We are very excited about the opportunity to apply for
Google Summer of Code 2007. Below
are many different projects we would like to mentor. Each project is mentored
by a highly experienced member. As an organization
dedicated to open source, all tools below will be licensed GPLv2 and
the author maintains copyright, unless
otherwise noted. In addition to Google SoC, these project can be used by
universities, graduate students, and research organizations for
topics in security research. To learn more, contact
research@honeynet.org.
The Topics:
Libemu Project
The `libemu' project aims at creating a generic x86 emulation API as an
independent library, to be used in free network security products. With
this library, it is possible to execute shellcodes or data suspected to
be a shellcode on a virtual, emulated processor and behave the
shellcode's actions. This allows a program using the library to
generically detect shellcodes in network streams and to automatically
analyze the shellcode's behaviour.
Two possible candidates for inclusion are the snort stream processor,
creating a generic, vulnerability independent alert for unencoded
shellcodes seen on the network and the nepenthes low interaction
honeypot. Nepenthes currently uses static signatures, shellcodes are
matched against, to learn how the malware can be downloaded from a
malicious host. Usage of this library allows nepenthes to generically
understand previously unknown shellcodes.
Internally, the library emulates major parts of the x386 instruction
sets and modifies the emulated registers. Mapping of abstract
information about system libraries allows onto the emulated virtual
memory allows the library to detect and emulate API usage, hence
understanding the `actions', the shellcode performs. Not substantially
failing in using API is a sure indicator for the presence of a
shellcode, hence providing generic shellcode detection. Requirements
include
- Your C is as perfect as your assembly.
- You really love the x86 architecture and ever wanted to read all
docs about it.
- You know windows as good as linux as you will emulate a windows
process enviroment on a linux development system.
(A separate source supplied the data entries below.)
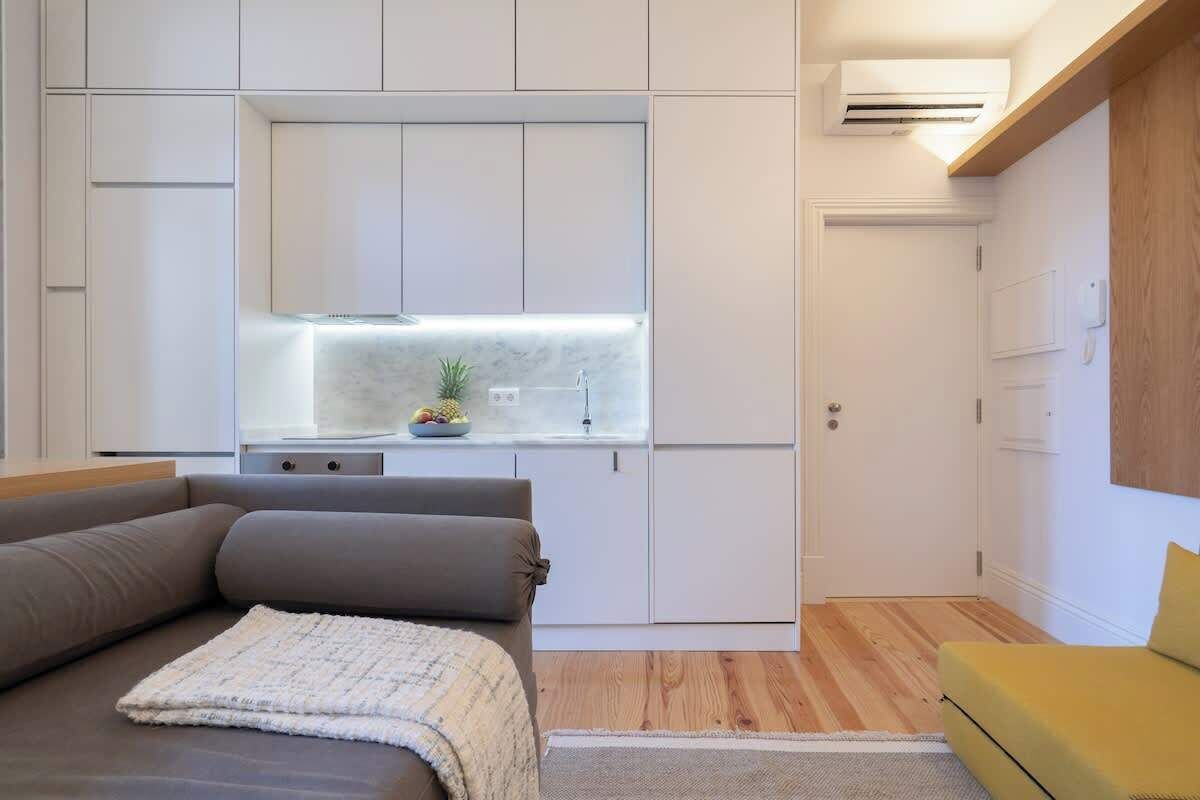 TV, offices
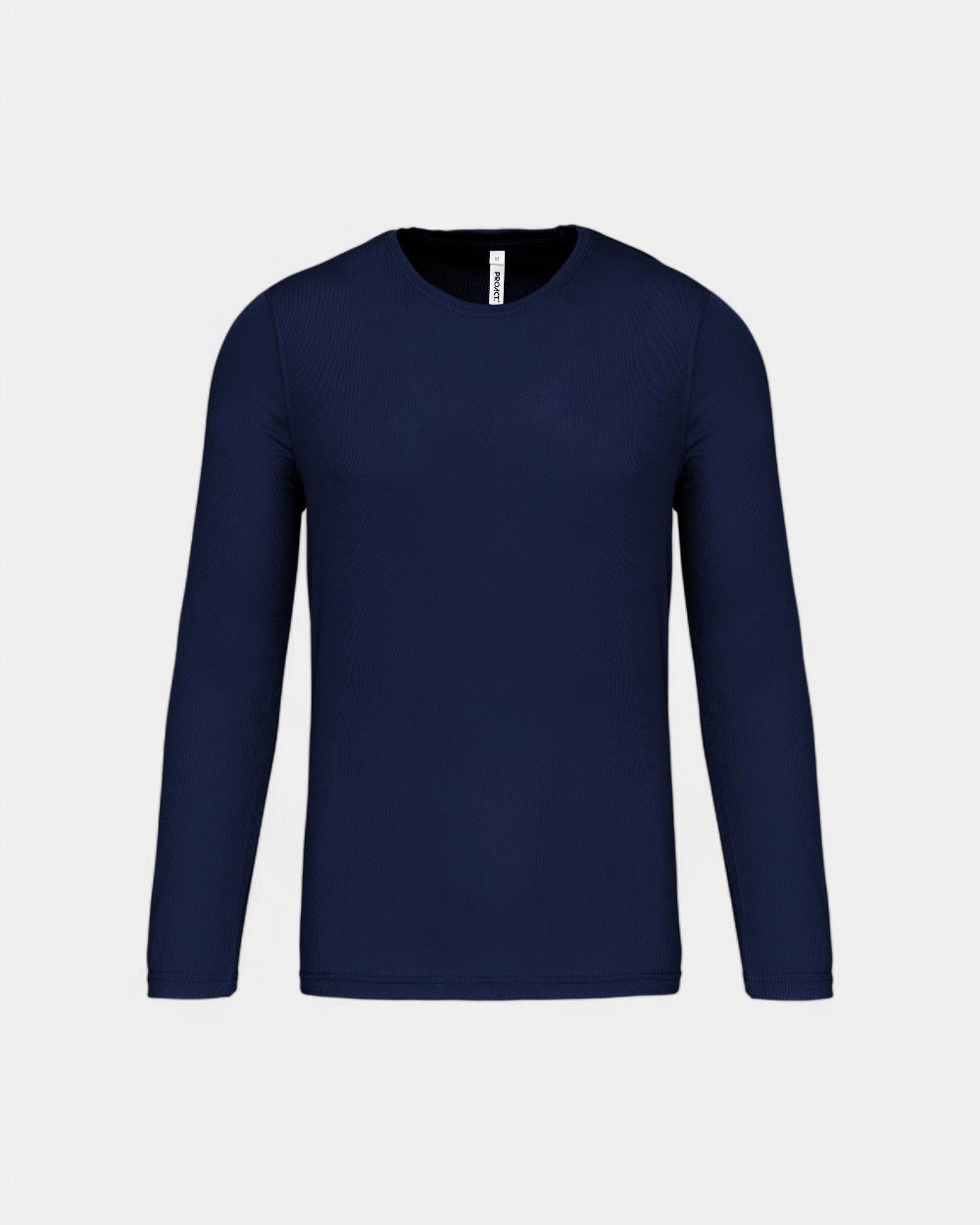 T-shirt sportiva maniche lunghe uomo da personalizzare - 7
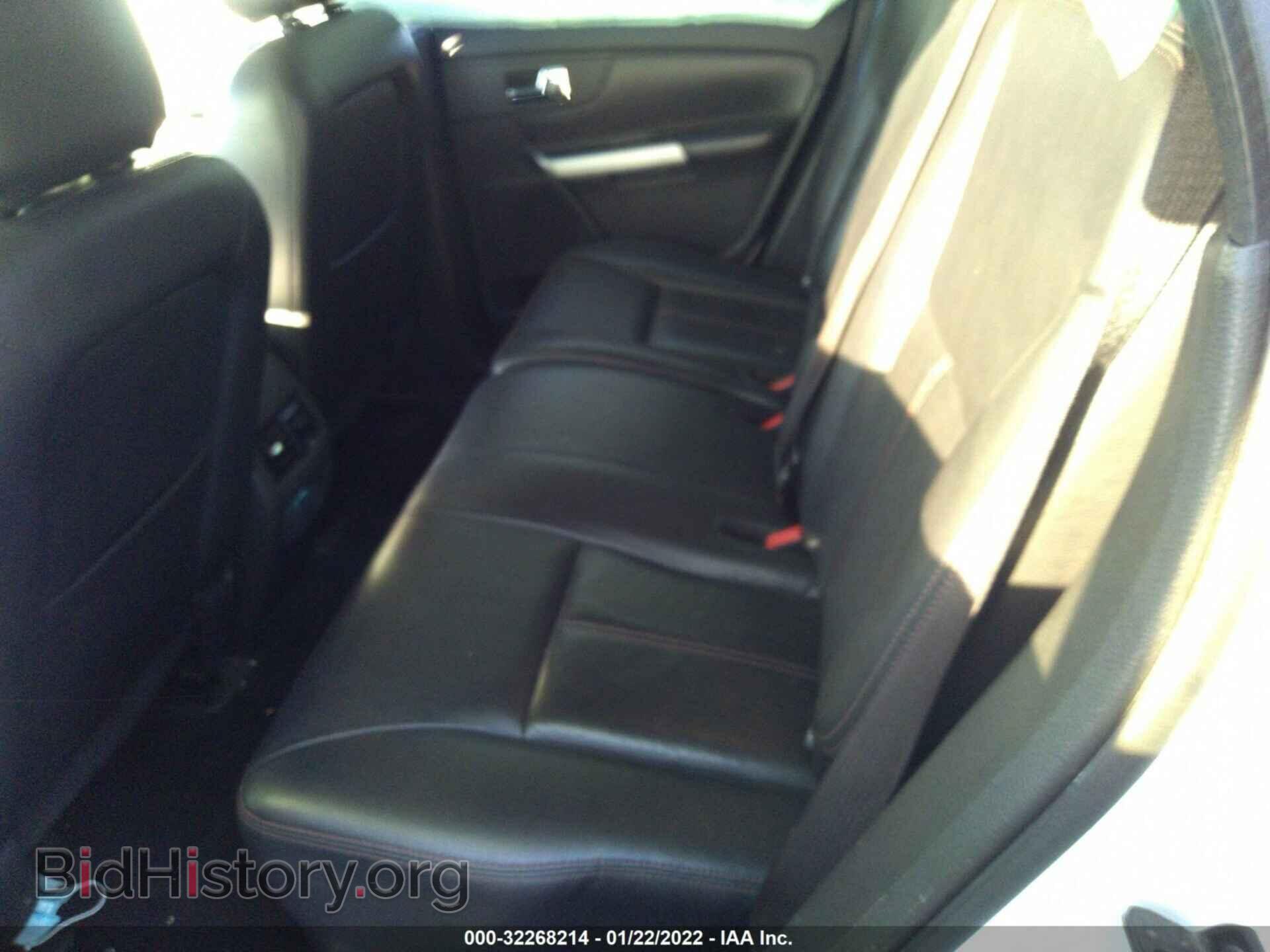 2013 FORD EDGE - VIN: 2FMDK3KC9DBA87501 - Photo 8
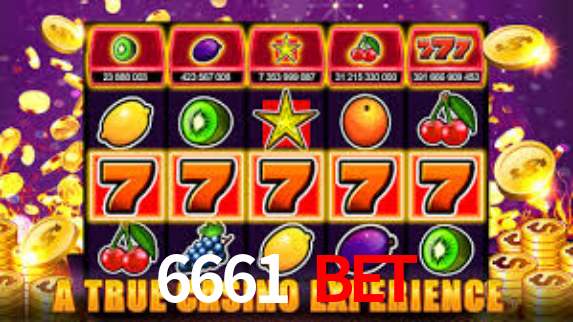 6661 bet App Interface
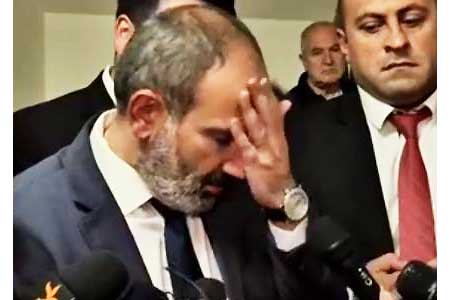 Criminal case opened against one of the closest relatives of Nikol  Pashinyan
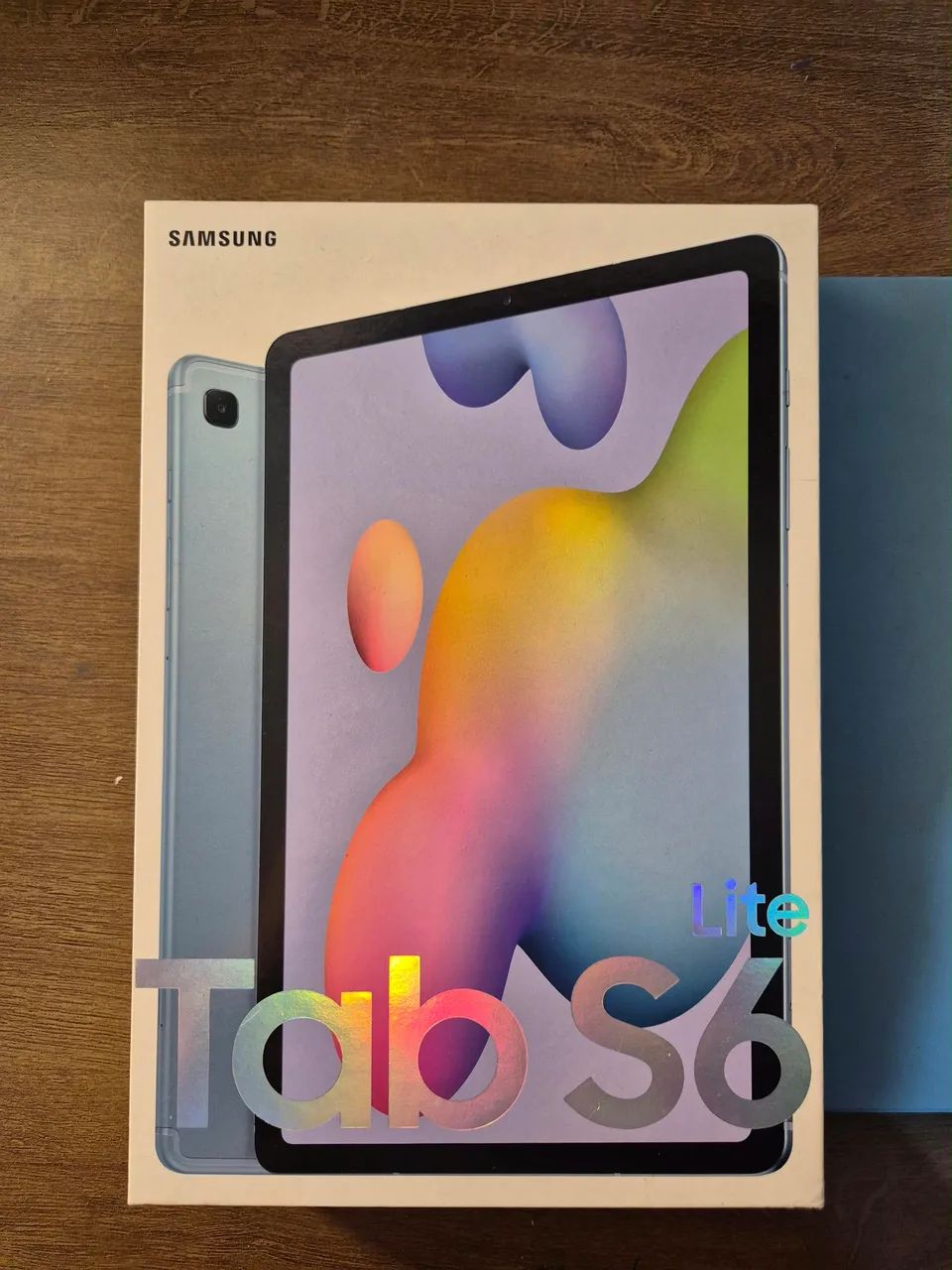 Samsung Galaxy Tab S6 Lite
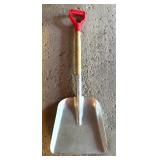 Vintage Stow Away Car Trunk Shovel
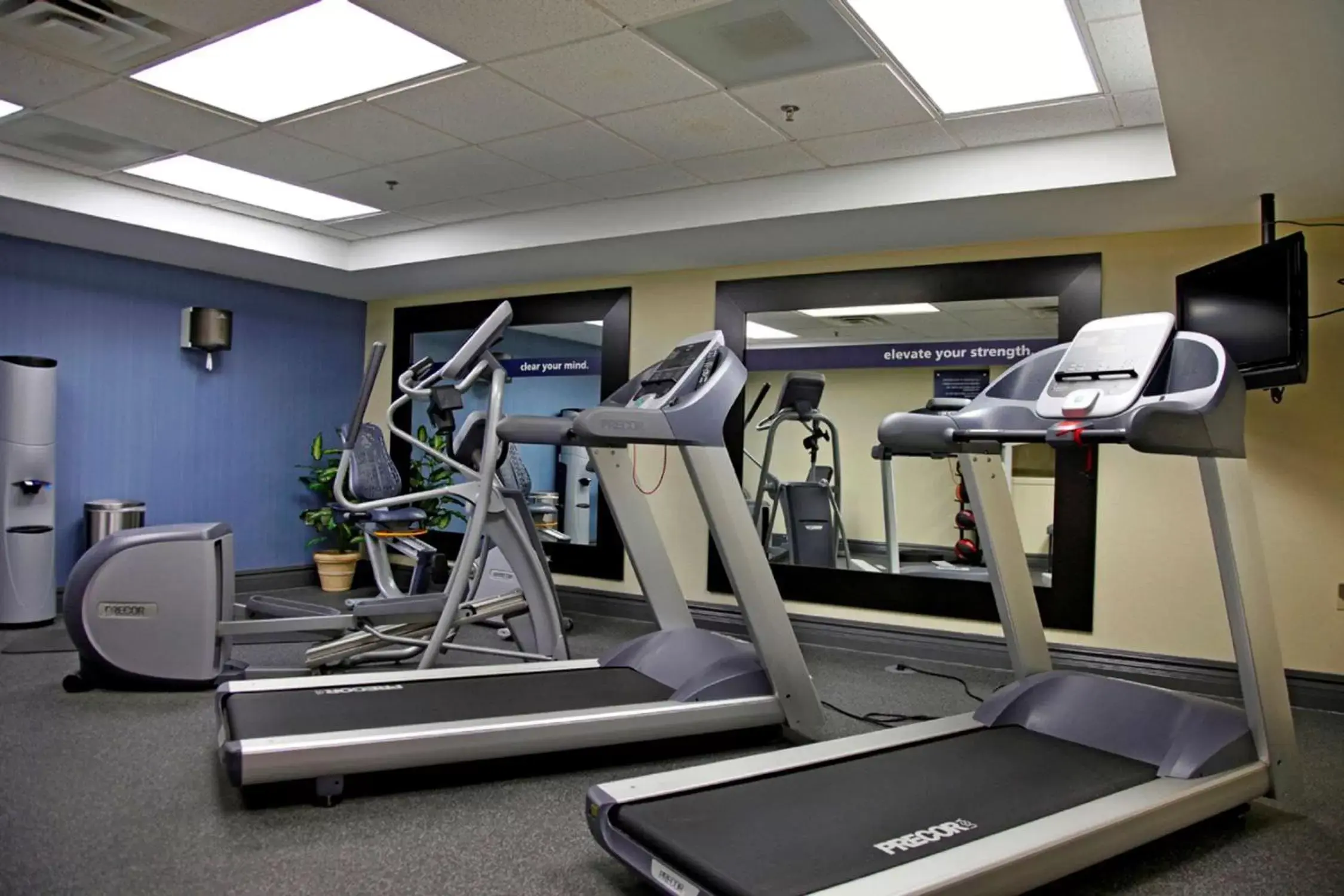 Fitness centre/facilities, Fitness Center/Facilities in Hampton Inn & Suites Phoenix/Scottsdale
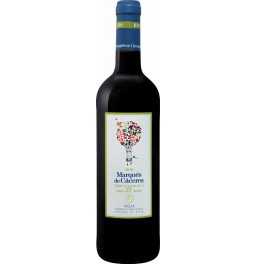 Вино Marques de Caceres, Vino Ecologico Bio, Rioja DOC, 2018
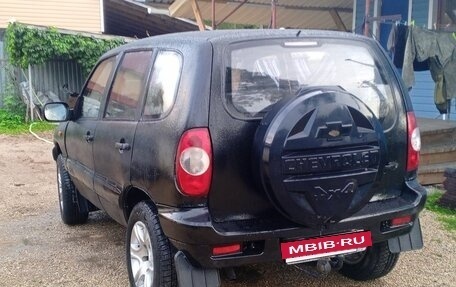 Chevrolet Niva I рестайлинг, 2008 год, 370 000 рублей, 3 фотография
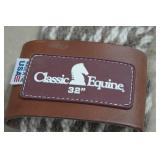 Classic Equine Classic Roper Cinch - Size 32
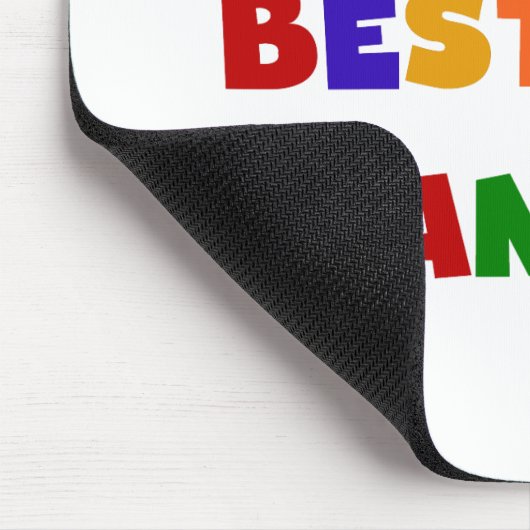 Tapis De Souris T-shirts et cadeaux lumineux de grand-maman du (Coin)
- You can team up with other developers
Mentored by Georg Wicherski
of the German Honeynet Project.
Random Server Response Selection
The problem deals with generating unbiased input of servers (or more
precisely server requests) to client honeypots. Currently, researchers
guess where to find malicious servers (SPAM, specific topic areas, typo
DNS, etc.) and task a client honeypot in inspecting these areas for
malicious servers. This approach is likely to identify malicious servers,
but the conclusion about the malicious server is impeded by the input
that was used. E.g. one can state that the number of malicious servers
on adult content that is indexed by search engine Google is declining.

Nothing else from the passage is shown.